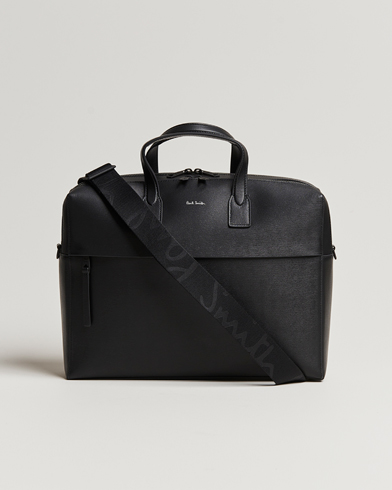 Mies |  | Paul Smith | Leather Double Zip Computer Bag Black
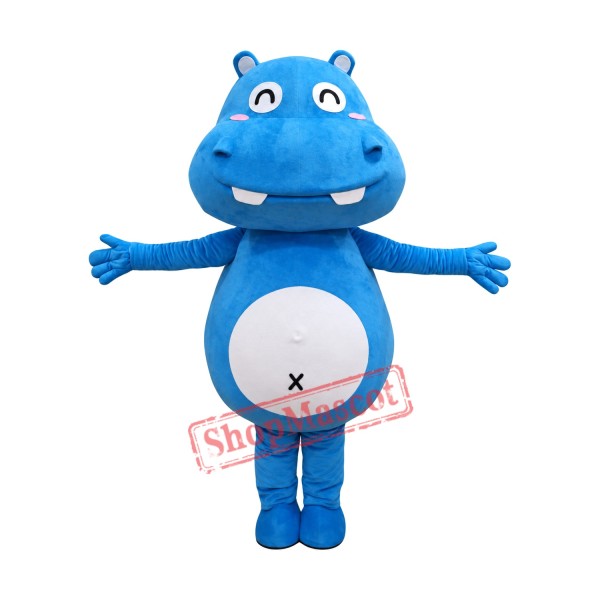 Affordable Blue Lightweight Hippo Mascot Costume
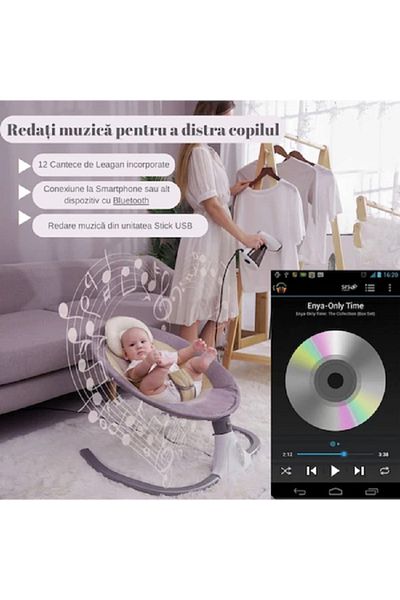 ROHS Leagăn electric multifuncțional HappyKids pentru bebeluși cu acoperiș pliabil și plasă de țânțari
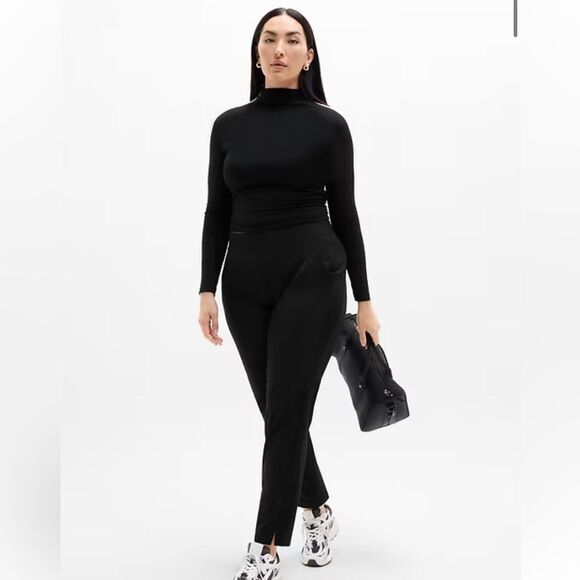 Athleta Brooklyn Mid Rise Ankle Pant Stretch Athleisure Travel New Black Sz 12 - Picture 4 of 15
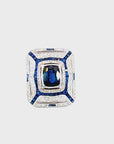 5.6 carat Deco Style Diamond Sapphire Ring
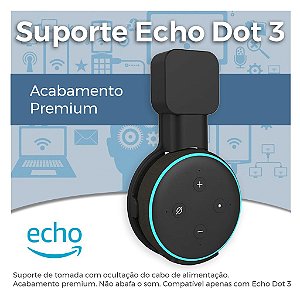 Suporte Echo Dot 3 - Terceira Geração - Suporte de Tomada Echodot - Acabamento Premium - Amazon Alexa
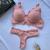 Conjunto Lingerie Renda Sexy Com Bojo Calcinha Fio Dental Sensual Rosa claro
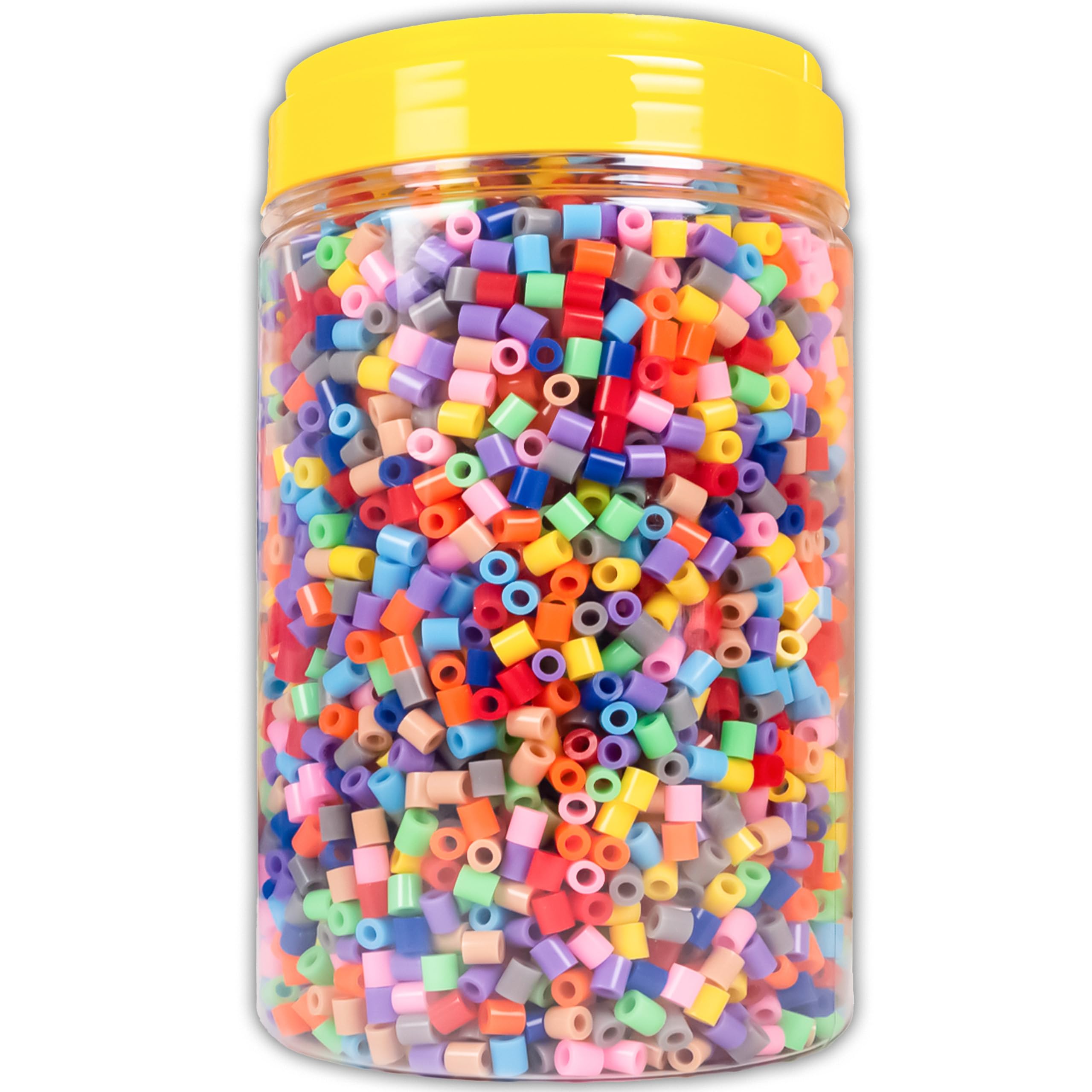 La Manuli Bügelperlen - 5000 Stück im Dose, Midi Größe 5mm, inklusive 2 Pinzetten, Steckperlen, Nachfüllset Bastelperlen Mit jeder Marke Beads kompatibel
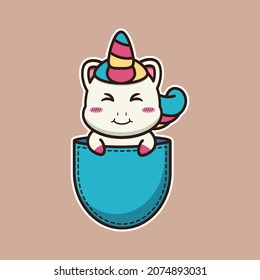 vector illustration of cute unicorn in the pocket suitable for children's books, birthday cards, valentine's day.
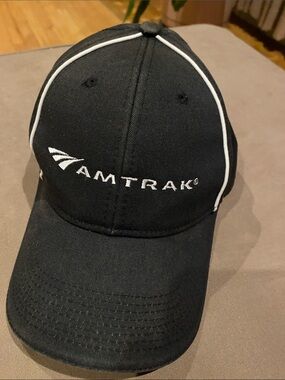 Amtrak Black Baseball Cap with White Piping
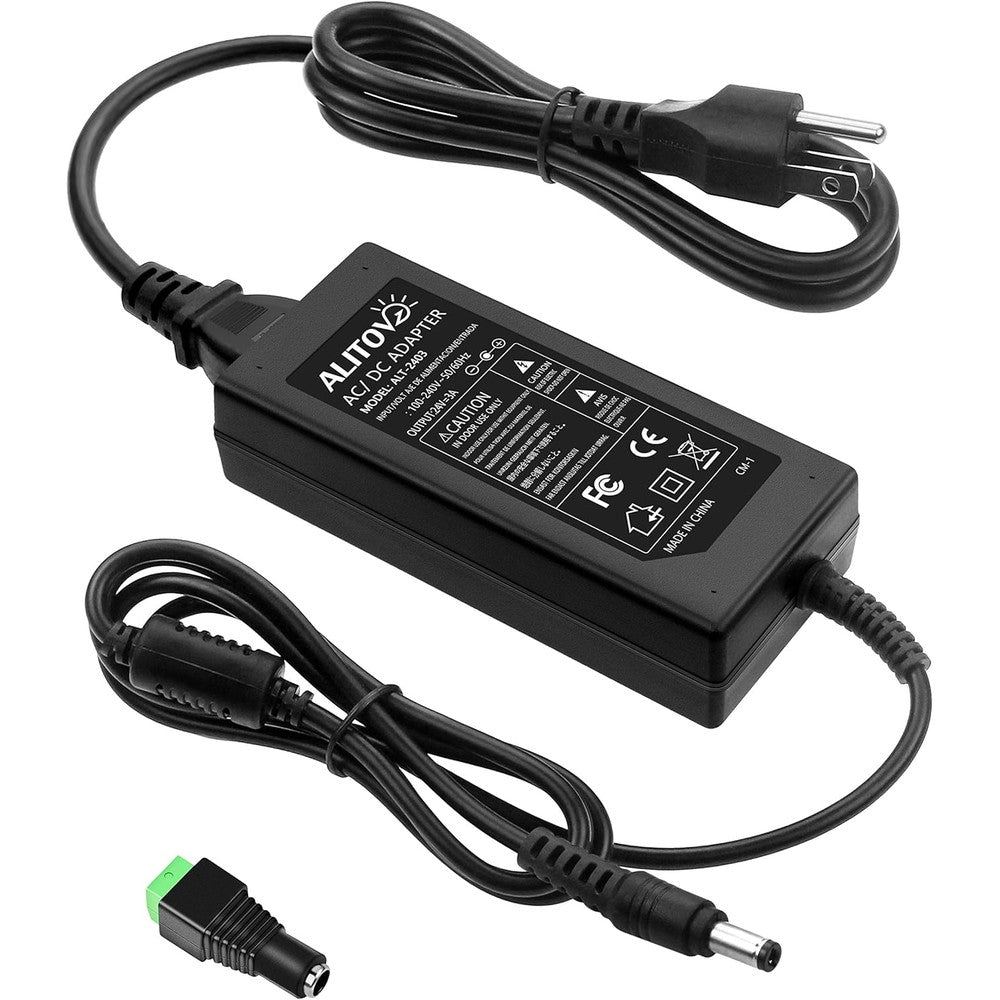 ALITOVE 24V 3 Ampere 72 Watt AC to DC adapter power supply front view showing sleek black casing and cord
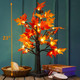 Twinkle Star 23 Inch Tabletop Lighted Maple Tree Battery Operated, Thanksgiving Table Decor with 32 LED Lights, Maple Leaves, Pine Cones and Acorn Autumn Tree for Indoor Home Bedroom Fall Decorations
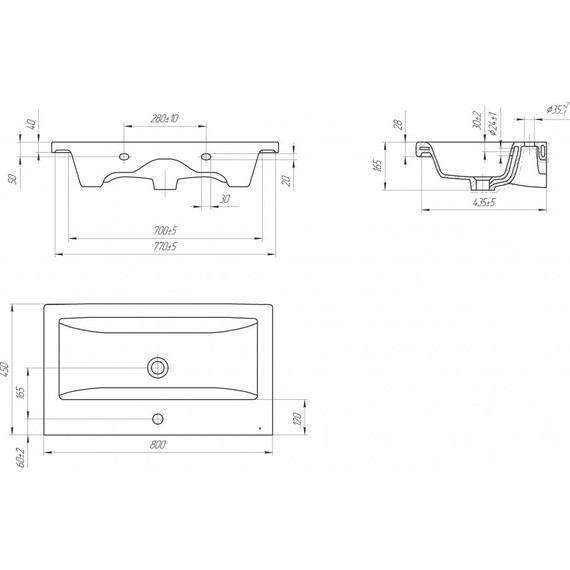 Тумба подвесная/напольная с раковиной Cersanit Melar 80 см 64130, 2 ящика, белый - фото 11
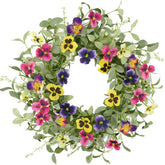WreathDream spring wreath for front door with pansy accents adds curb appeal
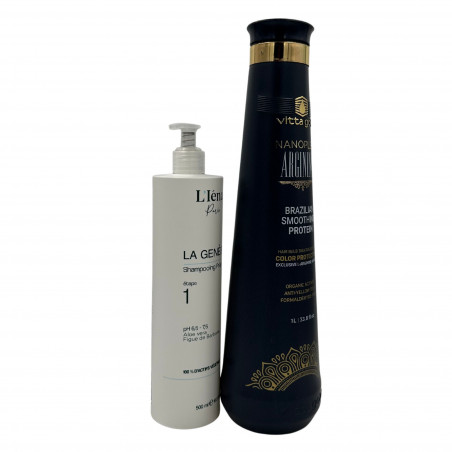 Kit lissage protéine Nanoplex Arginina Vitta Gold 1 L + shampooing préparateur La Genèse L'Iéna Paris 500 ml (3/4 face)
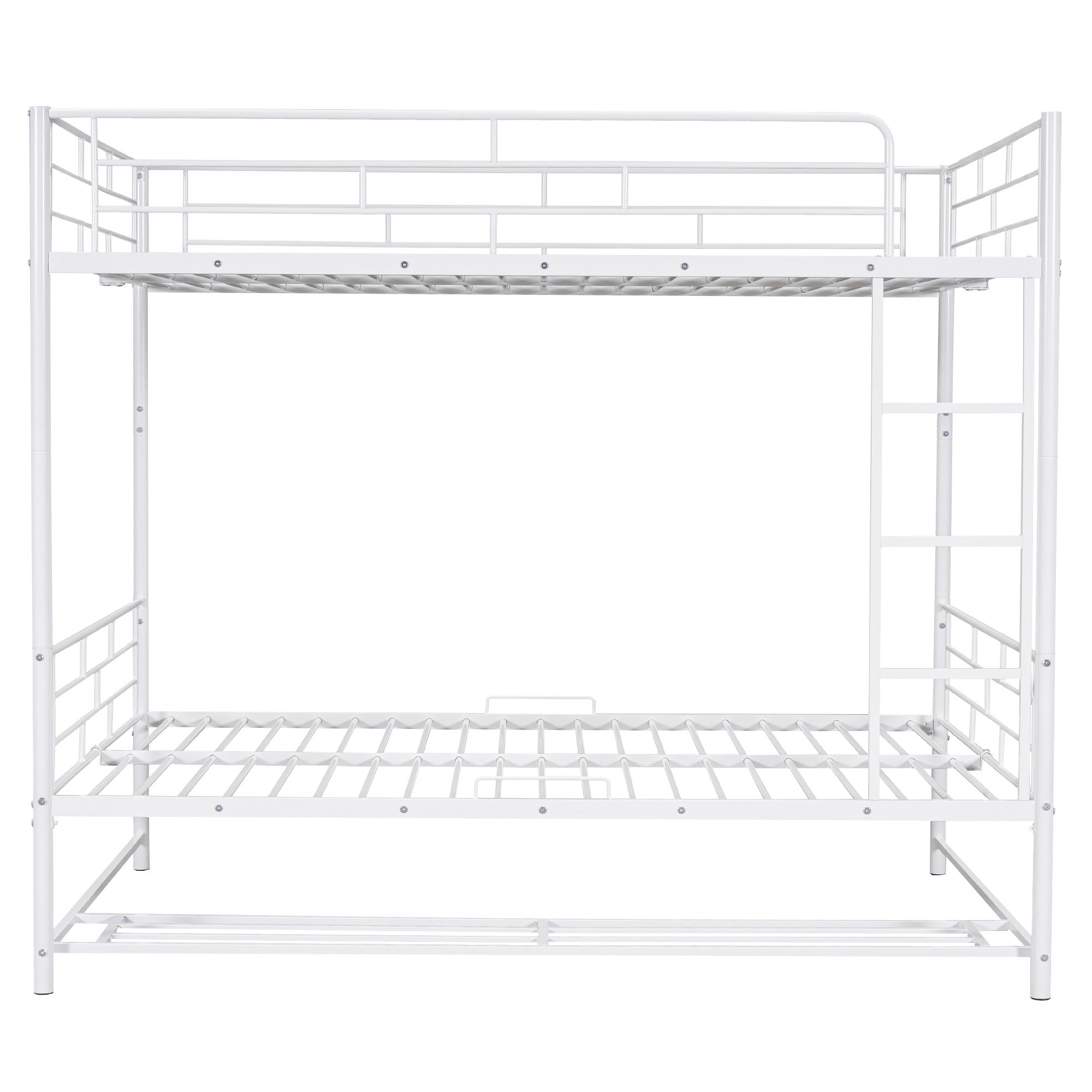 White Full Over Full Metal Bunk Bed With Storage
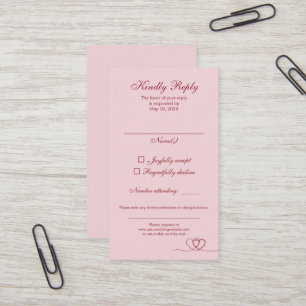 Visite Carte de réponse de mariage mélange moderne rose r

■ **Exercise description**
Pictures are to be dropped; the lines from the start of the entries above through the line with "ALITOVE 24V 3" are to be given again verbatim.

■ **Answer to this exercise**
 Mies |  | Paul Smith | Leather Double Zip Computer Bag Black
 Affordable Blue Lightweight Hippo Mascot Costume
 ROHS Leagăn electric multifuncțional HappyKids pentru bebeluși cu acoperiș pliabil și plasă de țânțari
 Athleta Brooklyn Mid Rise Ankle Pant Stretch Athleisure Travel New Black Sz 12 - Picture 4 of 15
 5.6 carat Deco Style Diamond Sapphire Ring
 Suporte Echo Dot 3 - Terceira Geração - Suporte de Tomada Echodot - Acabamento Premium - Amazon Alexa
 Conjunto Lingerie Renda Sexy Com Bojo Calcinha Fio Dental Sensual Rosa claro
 La Manuli Bügelperlen - 5000 Stück im Dose, Midi Größe 5mm, inklusive 2 Pinzetten, Steckperlen, Nachfüllset Bastelperlen Mit jeder Marke Beads kompatibel
 vector illustration of cute unicorn in the pocket suitable for children's books, birthday cards, valentine's day.
 Amtrak Black Baseball Cap with White Piping
 ALITOVE 24V 3 Ampere 72 Watt AC to DC adapter power supply front view showing sleek black casing and cord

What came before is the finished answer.